The APOBEC family acts as a double-edged sword towards humans due to their intrinsic ability of cytosine deamination in genome. On the one hand, APOBECs act as antiviral factors via mutation of viral genomes thereby restricting viruses and reducing infectivity; on the other hand, they also act as DNA mutators which play an important role in tumorigenesis and cancer evolution [52]. However, the role of APOBECs in cancers remains ambiguous. For example, it is reported that APOBEC mutagenesis could drive tumor evolution in metastatic thoracic tumor and HPV-driven tumor but inhibit breast cancer growth through immune activation [12, 53, 54]. When it comes to APOBEC3B, it is the most widely investigated member of APOBEC family and causes a variety of mutagenic outcomes [55], but its biological impact on cancers still remains unclear, even contrary. For example, Xia and colleagues reported that APOBEC3B upregulation predicts immune inactivation and worse survival in gastric cancer [56], while Serebrenik and colleagues reported that APOBEC3B is overexpressed in a subset of clear cell ovarian cancer and correlates with improved clinical outcomes [57]. As regards to cancer therapy, APOBEC3B promotes tamoxifen resistance in ER-positive breast cancer but predicts favorable response of ICB in NSCLC [14, 15]. Taken together, to gain a more comprehensive knowledge of APOBEC family in pan-cancer and to reveal inherent characteristics in some specific cancer types is challenging but warranted.
The TCW mutation is predominantly caused by APOBEC enzymatic activities [9]. In this study, we calculated the APOBEC mutagenesis enrichment score (AMES) to quantify this mutational pattern by adjusting TCW mutations in the mutation background.
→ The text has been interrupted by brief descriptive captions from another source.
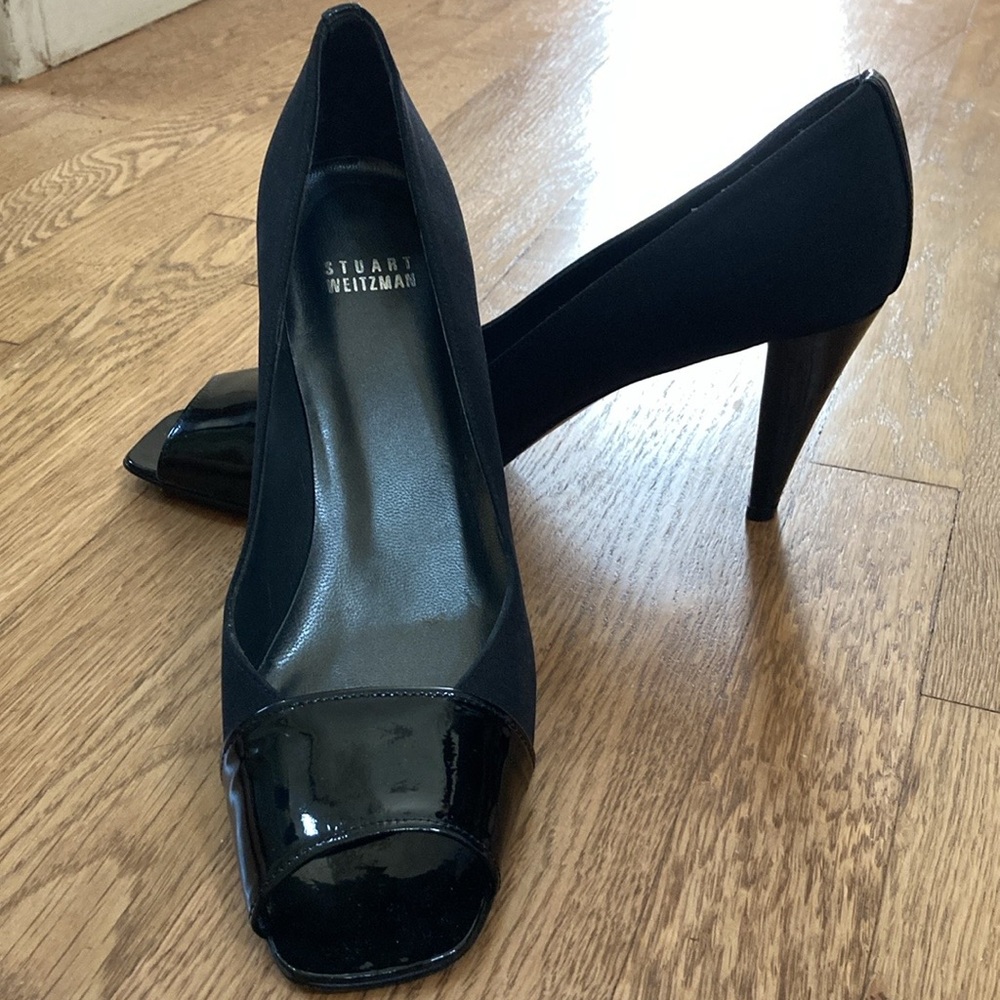 Stuart Weitzman heels, size 9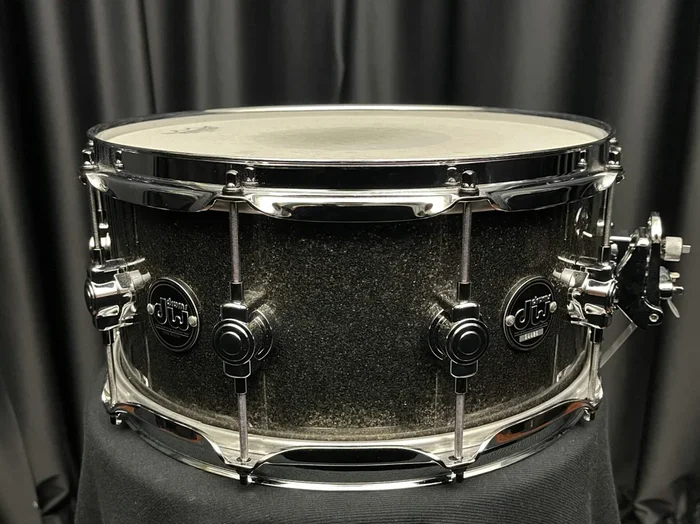 DW Used Snare Drums Performance Series Maple 6.5×14 Pewter Sparkle – 2025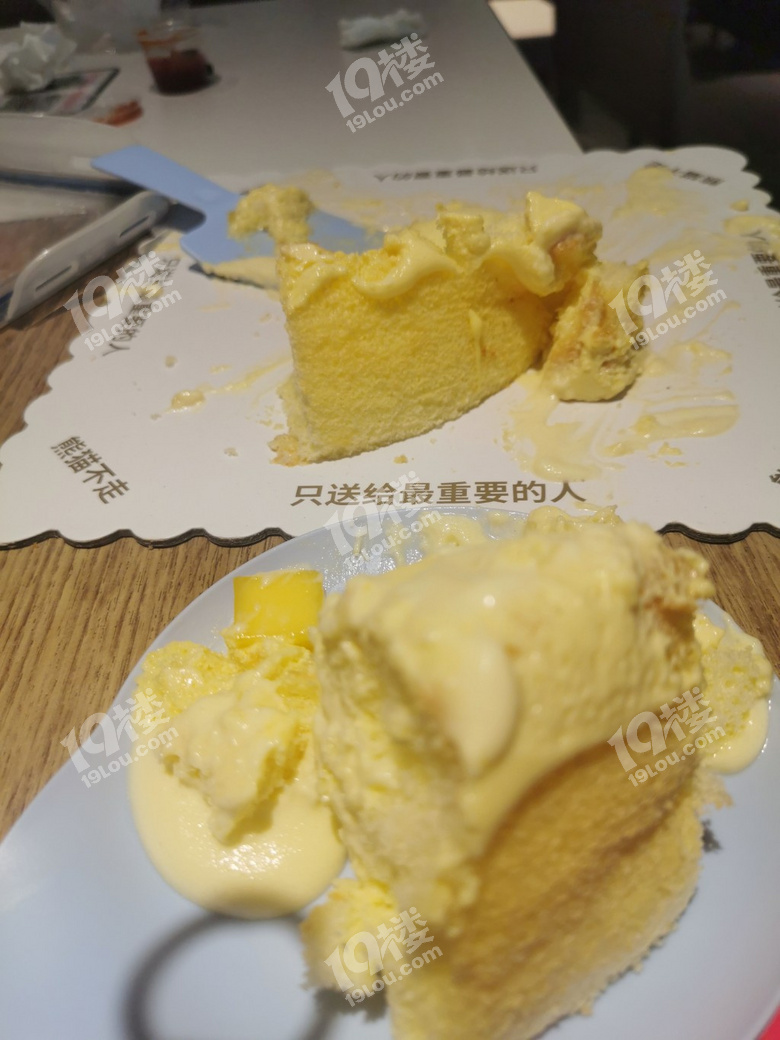 小朋友過生日非要給爸爸留著蛋糕吃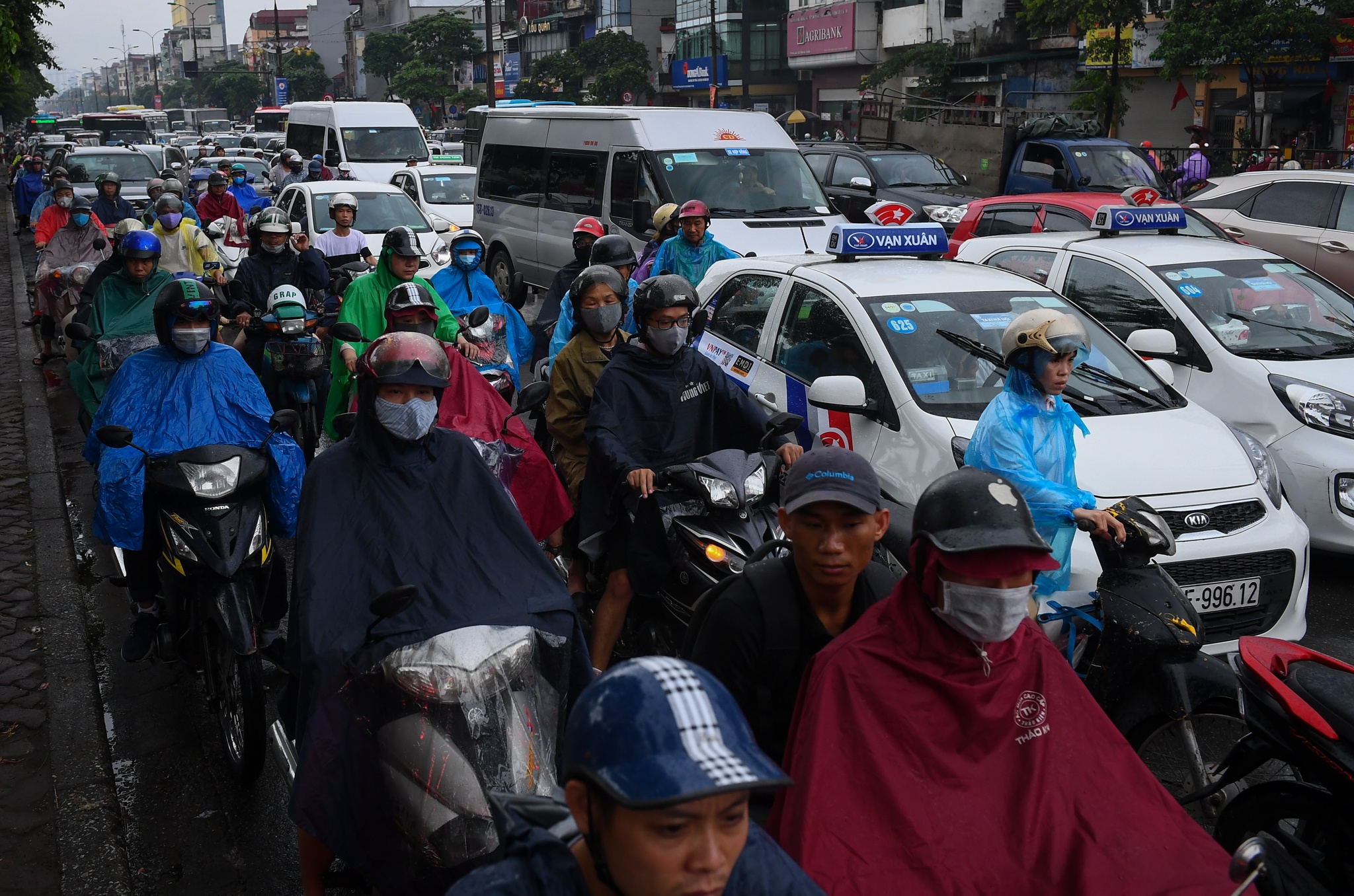 duong Ha Noi tac nghen trong mua anh 8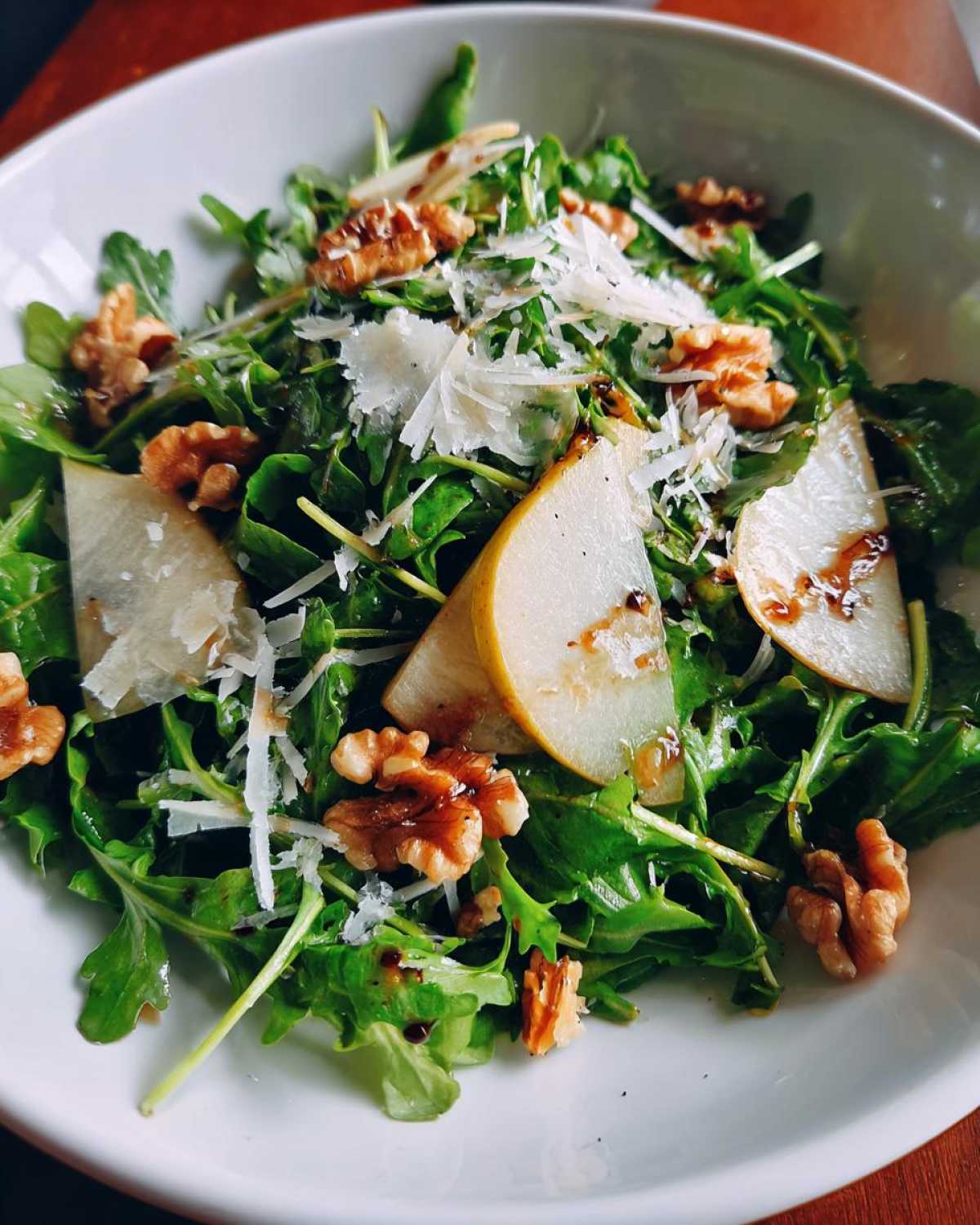 Pear and Arugula Salad with Walnuts - detail 1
We believe AMES is more reasonable to evaluate the APOBEC mutagenesis than direct counting of TCW mutations because some certain cancer type with high total mutation burden, such as SKCM, definitely has more TCW mutations, but the relative abundance of APOBEC-mediated mutagenesis is not really high (compared to other cancer types). McGrail and colleagues claimed that TMB fails to predict ICB response across all cancer types and suggested more attention should be focused on cancer type-specific assessment of TMB [58]. A cancer type-specific TMB threshold will certainly improve the prediction of ICB response, but we hold an opinion that the distribution of cancer type-specific or ICB sensitivity-specific mutational pattern is a more ideal and individualized predictor for ICB response. TMB calculation contains a wide range of non-silent mutation variants, but these mutations contribute differently to immune activation and ICB response. Using TMB as a predictor for ICB still remains in the concept of “quantity of mutation”, which is undoubtedly a rough index and far from personalized treatment. By contrast, we think the abundance of ICB sensitivity-specific mutational patterns is a step towards “quality of mutation”, which could individually reflect the potential response of ICB therapy.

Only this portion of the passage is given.